Many in the black British community, not least Tottenham MP David Lammy, have for years talked frankly about the issue of the engagement of fathers in family life. And the 2011 census revealed that 16.6% of black Caribbean households are lone parents with children, compared with 6.7% of white British households and 22.7% of mixed white British/Caribbean families. But the problem with the textbook was it suggested a majority of Caribbean fathers were not involved at all, and Lammy himself said such “sweeping generalisations” only served to entrench lazy stereotypes.
Tamu Thomas of the group Motherhood Reconstructed told the BBC: “I couldn’t imagine what it would feel like if you were a black child, sitting in class and reading a statement like that. I do acknowledge that the number of families with absent fathers is higher in the black community, proportionally. But when something is put forward as fact like that without explaining the historical reasons why that might be the case, without any context, that’s really dangerous.”

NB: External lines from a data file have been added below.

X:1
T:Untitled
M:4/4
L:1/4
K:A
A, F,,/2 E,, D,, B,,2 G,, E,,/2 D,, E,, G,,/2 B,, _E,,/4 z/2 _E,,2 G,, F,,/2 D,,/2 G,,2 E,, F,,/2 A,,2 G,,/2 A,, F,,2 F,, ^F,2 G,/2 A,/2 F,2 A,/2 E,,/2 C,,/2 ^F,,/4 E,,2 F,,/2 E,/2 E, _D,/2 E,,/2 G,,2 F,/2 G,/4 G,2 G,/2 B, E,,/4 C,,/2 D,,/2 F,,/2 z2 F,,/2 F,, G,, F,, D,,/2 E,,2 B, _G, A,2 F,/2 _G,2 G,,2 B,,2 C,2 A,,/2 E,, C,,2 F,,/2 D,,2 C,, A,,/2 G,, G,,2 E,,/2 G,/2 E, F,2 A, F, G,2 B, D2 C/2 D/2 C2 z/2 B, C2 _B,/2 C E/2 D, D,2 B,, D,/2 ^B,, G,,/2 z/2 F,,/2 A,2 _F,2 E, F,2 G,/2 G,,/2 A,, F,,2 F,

BECAUSE YOU’VE READ THIS FAR...
Watch this amazing split-screen, one-shot footage from Jim Carrey’s TV show ‘Kidding’. At triumph of behind the scenes teamwork and timing and proof that drama is as much about the technicians as the actors.
4. DAMNED LIES
With Brexit seeming to take up all the Government’s bandwidth, there’s a danger that voters will think other areas of policy are just being neglected. But is the neglect benign or wilful? It certainly doesn’t help if ministers are also caught lying to the public and yesterday’s warning from the UK Statistics Authority about school spending was stark indeed. The patience of the usually mild-mannered watchdog snapped as Sir David Norgrove attacked ‘misleading’ and ‘exaggerated’ claims by both the Education Secretary Damian Hinds and his schools minister Nick Gibb.
5. COP THAT
You know police cuts are beginning to bite when the Telegraph and Express report on the issue on the same day. The Express’s front page has figures showing that just six police forces in England and Wales have police officers rather than just civilian staff on their front desks. The Tel leader column hits out at cuts to bobbies on beat, while its columnist Tim Stanley says he no longer trusts the police to turn up if he calls 999. Meanwhile, the Guardian says the Met’s use of force has risen 79% in the past year, with black people disproportionately likely to be on the receiving end.